Pick up at the line with "Кабель USB 2.0". Write it out exactly, along with each later line through the end of the data, and nothing more.
──────── EXERCISE INPUT ────────
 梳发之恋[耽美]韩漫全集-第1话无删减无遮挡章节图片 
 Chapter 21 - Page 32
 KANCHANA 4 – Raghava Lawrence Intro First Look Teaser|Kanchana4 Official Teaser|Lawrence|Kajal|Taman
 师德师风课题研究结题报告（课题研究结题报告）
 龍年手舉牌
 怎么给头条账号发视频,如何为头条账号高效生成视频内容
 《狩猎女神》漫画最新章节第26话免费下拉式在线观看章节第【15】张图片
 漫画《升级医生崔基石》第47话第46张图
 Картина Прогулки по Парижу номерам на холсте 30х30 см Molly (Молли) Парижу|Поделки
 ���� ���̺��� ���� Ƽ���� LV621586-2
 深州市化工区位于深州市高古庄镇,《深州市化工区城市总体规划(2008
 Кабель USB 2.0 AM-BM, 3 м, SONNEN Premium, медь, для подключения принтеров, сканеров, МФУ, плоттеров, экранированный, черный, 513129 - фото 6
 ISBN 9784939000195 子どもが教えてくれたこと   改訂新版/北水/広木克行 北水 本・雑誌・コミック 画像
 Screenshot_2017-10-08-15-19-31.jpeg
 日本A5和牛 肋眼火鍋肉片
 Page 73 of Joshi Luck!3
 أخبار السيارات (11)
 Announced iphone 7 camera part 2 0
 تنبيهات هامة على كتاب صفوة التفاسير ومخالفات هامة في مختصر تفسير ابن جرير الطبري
────────
RESPONSE TO THE EXERCISE:
 Кабель USB 2.0 AM-BM, 3 м, SONNEN Premium, медь, для подключения принтеров, сканеров, МФУ, плоттеров, экранированный, черный, 513129 - фото 6
 ISBN 9784939000195 子どもが教えてくれたこと   改訂新版/北水/広木克行 北水 本・雑誌・コミック 画像
 Screenshot_2017-10-08-15-19-31.jpeg
 日本A5和牛 肋眼火鍋肉片
 Page 73 of Joshi Luck!3
 أخبار السيارات (11)
 Announced iphone 7 camera part 2 0
 تنبيهات هامة على كتاب صفوة التفاسير ومخالفات هامة في مختصر تفسير ابن جرير الطبري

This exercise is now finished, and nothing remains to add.